Aim of the task: Please output exactly the lines below, starting at the line that has "Please refresh your" and ending at the line that has "cropped_section_of_house", both included; leave out all pictures and include nothing else.

Study material:
= = = =

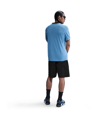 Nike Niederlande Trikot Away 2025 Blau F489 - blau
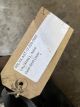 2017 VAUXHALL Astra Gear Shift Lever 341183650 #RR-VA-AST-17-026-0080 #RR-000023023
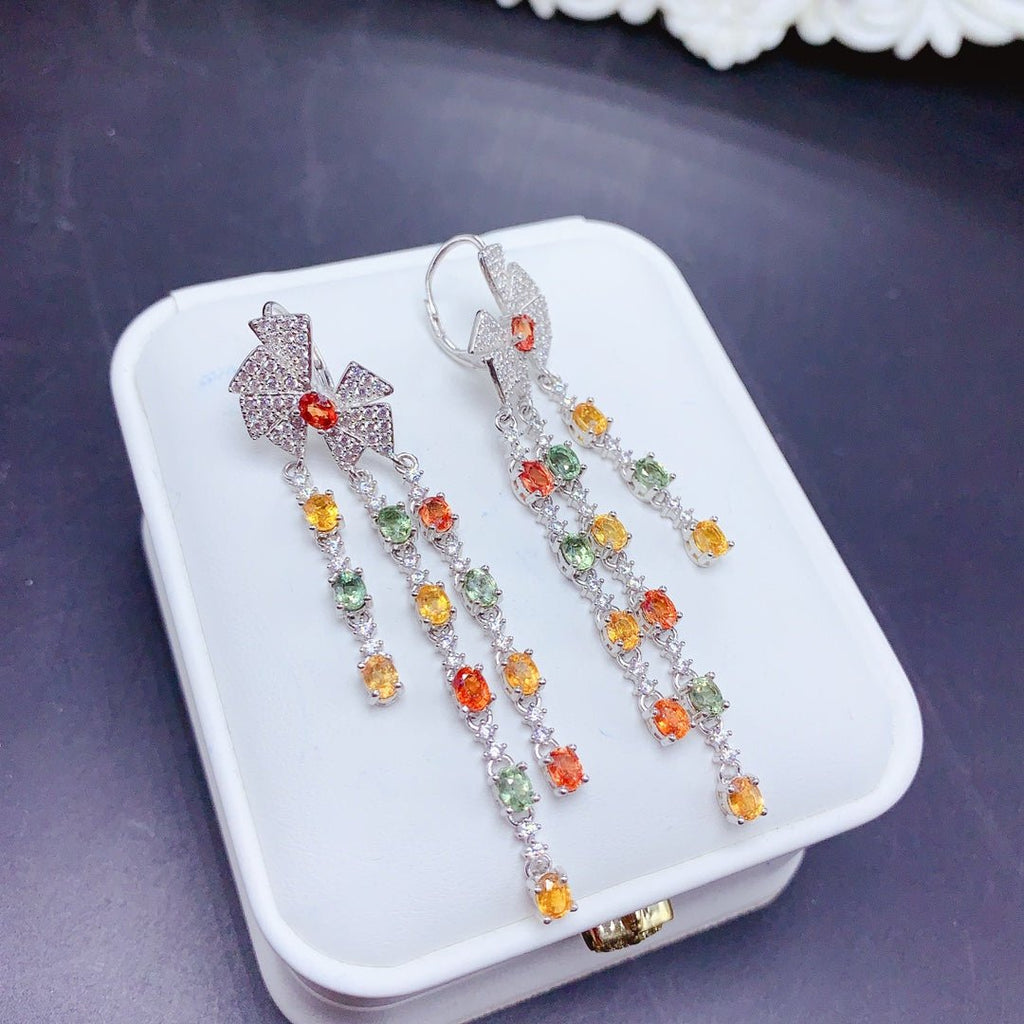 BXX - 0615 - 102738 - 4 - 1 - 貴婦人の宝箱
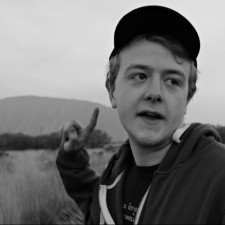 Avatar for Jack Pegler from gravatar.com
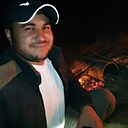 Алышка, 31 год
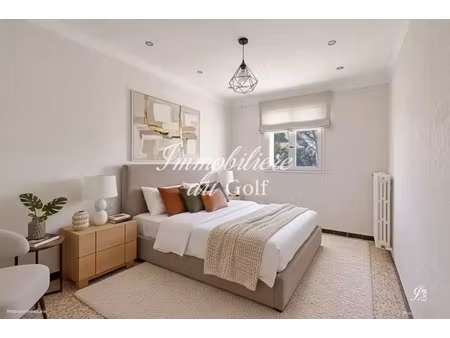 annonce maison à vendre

= = = =

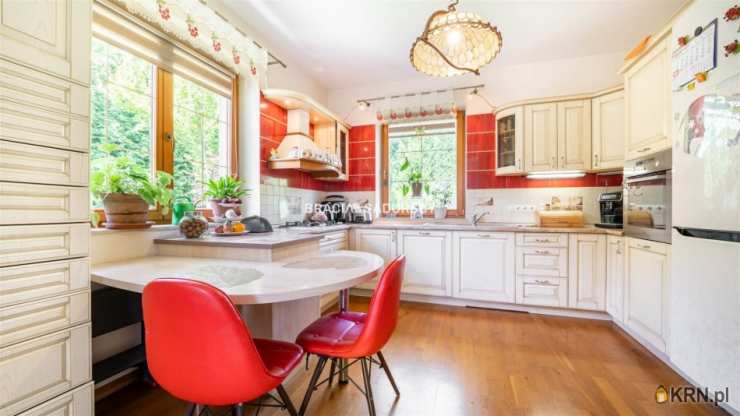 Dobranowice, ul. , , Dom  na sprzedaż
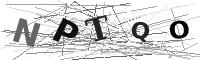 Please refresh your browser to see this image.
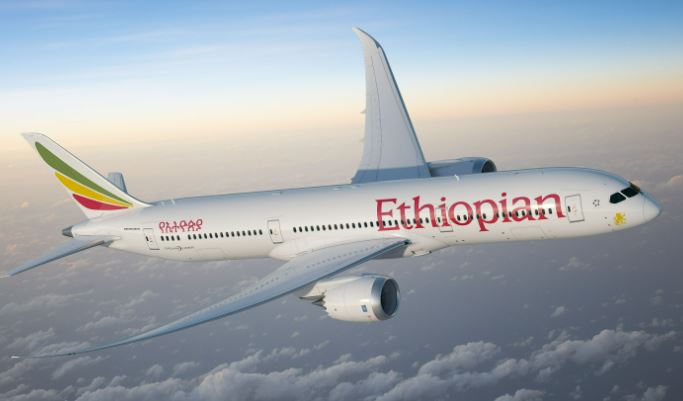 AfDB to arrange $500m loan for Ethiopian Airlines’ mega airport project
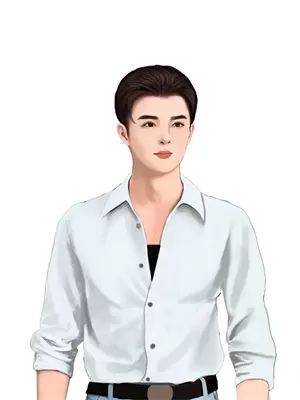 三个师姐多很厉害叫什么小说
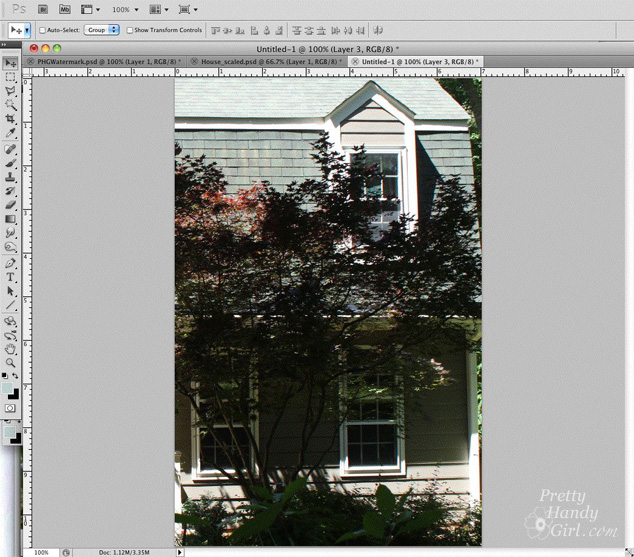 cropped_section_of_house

= = = =

Problem solution:
 Please refresh your browser to see this image.
 AfDB to arrange $500m loan for Ethiopian Airlines’ mega airport project
 三个师姐多很厉害叫什么小说
 cropped_section_of_house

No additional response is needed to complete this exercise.